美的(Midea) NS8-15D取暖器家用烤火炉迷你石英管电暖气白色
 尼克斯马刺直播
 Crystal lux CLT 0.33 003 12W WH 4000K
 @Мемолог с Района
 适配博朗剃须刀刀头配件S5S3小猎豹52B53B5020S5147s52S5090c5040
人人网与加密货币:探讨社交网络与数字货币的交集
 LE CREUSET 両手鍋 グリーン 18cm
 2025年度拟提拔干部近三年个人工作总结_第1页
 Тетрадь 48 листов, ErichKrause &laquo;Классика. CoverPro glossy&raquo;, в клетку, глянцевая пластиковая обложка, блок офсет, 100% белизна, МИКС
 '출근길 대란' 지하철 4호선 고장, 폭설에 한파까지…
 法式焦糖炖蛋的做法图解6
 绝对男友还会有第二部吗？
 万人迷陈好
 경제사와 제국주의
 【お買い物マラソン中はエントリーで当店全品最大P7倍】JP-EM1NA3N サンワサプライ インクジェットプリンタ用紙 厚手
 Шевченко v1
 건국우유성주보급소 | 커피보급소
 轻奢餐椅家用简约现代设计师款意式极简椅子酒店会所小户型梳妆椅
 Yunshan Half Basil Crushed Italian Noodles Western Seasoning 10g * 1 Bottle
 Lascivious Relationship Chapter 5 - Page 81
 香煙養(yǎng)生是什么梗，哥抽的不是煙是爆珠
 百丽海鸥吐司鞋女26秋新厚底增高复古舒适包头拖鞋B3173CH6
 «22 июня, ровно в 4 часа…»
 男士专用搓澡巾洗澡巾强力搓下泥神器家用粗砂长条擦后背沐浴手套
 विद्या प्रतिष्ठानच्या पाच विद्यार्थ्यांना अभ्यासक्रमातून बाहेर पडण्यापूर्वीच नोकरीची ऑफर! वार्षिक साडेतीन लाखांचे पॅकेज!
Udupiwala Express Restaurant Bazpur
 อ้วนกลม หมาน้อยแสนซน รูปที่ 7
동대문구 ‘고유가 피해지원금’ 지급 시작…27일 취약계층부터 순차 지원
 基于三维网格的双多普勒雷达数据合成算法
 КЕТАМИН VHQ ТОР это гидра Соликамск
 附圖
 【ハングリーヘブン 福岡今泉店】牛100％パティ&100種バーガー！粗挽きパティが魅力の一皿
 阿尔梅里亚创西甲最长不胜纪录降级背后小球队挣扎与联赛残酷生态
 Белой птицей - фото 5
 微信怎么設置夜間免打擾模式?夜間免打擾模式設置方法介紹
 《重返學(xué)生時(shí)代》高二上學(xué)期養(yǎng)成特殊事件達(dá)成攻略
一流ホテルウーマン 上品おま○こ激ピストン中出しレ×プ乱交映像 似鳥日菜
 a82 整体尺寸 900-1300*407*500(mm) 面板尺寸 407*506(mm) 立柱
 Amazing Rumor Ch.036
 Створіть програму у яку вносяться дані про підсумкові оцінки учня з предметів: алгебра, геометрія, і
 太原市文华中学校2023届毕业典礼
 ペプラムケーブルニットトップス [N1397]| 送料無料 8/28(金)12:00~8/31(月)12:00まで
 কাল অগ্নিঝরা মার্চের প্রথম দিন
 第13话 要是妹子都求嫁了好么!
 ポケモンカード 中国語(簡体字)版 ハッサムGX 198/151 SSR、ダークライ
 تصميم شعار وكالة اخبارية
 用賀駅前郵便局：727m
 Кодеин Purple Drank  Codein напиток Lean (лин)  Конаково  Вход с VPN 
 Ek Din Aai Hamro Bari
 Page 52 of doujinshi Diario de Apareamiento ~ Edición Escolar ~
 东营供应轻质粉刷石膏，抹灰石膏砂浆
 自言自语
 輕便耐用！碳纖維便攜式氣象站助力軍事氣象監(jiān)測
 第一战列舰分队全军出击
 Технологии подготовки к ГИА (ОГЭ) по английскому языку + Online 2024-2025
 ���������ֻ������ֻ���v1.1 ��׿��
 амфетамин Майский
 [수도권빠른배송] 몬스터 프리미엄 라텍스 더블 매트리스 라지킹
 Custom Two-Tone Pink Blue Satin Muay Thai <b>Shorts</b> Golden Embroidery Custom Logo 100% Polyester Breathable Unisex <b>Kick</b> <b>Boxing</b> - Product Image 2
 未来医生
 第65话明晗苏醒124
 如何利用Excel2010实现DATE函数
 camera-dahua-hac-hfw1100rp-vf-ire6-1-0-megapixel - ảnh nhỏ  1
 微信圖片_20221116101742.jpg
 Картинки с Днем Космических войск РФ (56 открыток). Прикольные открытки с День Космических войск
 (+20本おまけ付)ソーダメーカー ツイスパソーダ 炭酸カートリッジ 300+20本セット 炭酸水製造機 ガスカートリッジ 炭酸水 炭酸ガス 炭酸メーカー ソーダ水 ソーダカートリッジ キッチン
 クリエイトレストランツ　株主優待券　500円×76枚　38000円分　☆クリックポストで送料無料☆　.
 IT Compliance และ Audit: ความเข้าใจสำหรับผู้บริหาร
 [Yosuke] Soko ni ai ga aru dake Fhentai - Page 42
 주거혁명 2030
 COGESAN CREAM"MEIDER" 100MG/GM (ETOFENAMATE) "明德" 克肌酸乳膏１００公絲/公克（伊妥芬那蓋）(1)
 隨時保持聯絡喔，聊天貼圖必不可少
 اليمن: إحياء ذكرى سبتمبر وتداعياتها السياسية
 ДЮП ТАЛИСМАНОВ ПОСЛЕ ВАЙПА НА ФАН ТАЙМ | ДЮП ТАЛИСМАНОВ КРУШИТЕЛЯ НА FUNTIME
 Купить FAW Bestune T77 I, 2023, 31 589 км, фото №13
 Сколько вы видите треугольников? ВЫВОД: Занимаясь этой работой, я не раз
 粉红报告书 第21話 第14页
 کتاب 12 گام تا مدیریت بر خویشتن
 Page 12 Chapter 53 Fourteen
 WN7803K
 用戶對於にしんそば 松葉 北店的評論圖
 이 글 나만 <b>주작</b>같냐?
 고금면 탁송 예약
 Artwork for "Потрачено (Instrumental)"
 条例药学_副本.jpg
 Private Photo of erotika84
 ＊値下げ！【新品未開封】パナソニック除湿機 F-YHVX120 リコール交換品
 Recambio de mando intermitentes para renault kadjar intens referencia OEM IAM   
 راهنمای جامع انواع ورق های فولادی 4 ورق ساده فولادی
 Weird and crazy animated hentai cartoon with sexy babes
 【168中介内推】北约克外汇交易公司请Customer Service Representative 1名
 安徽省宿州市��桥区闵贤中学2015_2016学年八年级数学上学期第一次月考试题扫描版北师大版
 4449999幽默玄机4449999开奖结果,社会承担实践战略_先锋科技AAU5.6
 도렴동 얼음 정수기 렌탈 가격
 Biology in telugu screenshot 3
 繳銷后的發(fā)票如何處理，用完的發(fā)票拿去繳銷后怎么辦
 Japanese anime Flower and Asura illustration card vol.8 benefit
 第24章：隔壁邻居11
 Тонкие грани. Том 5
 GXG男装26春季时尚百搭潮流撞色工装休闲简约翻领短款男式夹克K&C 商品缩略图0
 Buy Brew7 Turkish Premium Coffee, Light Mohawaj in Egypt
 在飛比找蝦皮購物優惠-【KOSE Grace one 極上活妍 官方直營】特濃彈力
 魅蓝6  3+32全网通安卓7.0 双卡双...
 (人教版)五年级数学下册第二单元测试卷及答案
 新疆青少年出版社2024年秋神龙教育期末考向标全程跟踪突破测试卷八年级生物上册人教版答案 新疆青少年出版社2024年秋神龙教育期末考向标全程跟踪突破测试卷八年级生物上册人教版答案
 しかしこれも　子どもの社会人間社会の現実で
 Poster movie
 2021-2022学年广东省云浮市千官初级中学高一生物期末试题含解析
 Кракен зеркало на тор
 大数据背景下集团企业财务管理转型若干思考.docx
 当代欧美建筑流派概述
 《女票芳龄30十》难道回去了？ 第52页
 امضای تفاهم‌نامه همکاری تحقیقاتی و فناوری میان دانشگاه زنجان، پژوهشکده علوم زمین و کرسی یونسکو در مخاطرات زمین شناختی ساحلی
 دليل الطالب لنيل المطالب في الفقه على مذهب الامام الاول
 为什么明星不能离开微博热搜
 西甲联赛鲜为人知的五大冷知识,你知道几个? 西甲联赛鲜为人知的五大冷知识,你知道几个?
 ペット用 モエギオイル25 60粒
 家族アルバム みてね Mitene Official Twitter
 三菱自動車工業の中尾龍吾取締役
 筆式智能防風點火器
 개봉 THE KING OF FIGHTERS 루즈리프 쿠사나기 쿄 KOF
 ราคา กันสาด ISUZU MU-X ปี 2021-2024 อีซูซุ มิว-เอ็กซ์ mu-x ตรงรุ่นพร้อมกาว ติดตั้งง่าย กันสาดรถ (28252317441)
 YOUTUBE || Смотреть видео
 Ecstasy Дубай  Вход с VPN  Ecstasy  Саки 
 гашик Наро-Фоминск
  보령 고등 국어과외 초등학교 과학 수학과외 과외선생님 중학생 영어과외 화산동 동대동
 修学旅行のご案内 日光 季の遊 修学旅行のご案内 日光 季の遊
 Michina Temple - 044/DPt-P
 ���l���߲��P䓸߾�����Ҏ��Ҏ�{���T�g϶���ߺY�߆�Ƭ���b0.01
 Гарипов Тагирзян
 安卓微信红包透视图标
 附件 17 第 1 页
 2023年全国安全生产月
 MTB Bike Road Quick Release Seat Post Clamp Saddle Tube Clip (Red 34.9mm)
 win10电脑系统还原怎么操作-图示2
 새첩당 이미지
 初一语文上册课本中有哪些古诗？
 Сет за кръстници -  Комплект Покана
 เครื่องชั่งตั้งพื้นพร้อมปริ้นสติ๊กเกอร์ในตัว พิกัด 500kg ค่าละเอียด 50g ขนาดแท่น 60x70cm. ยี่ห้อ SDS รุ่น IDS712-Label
==========
Working down from the line that contains "보령 고등 국어과외 초등학교", retype each line exactly through the last line of the data, and give nothing else.

[Solution to this exercise]
  보령 고등 국어과외 초등학교 과학 수학과외 과외선생님 중학생 영어과외 화산동 동대동
 修学旅行のご案内 日光 季の遊 修学旅行のご案内 日光 季の遊
 Michina Temple - 044/DPt-P
 ���l���߲��P䓸߾�����Ҏ��Ҏ�{���T�g϶���ߺY�߆�Ƭ���b0.01
 Гарипов Тагирзян
 安卓微信红包透视图标
 附件 17 第 1 页
 2023年全国安全生产月
 MTB Bike Road Quick Release Seat Post Clamp Saddle Tube Clip (Red 34.9mm)
 win10电脑系统还原怎么操作-图示2
 새첩당 이미지
 初一语文上册课本中有哪些古诗？
 Сет за кръстници -  Комплект Покана
 เครื่องชั่งตั้งพื้นพร้อมปริ้นสติ๊กเกอร์ในตัว พิกัด 500kg ค่าละเอียด 50g ขนาดแท่น 60x70cm. ยี่ห้อ SDS รุ่น IDS712-Label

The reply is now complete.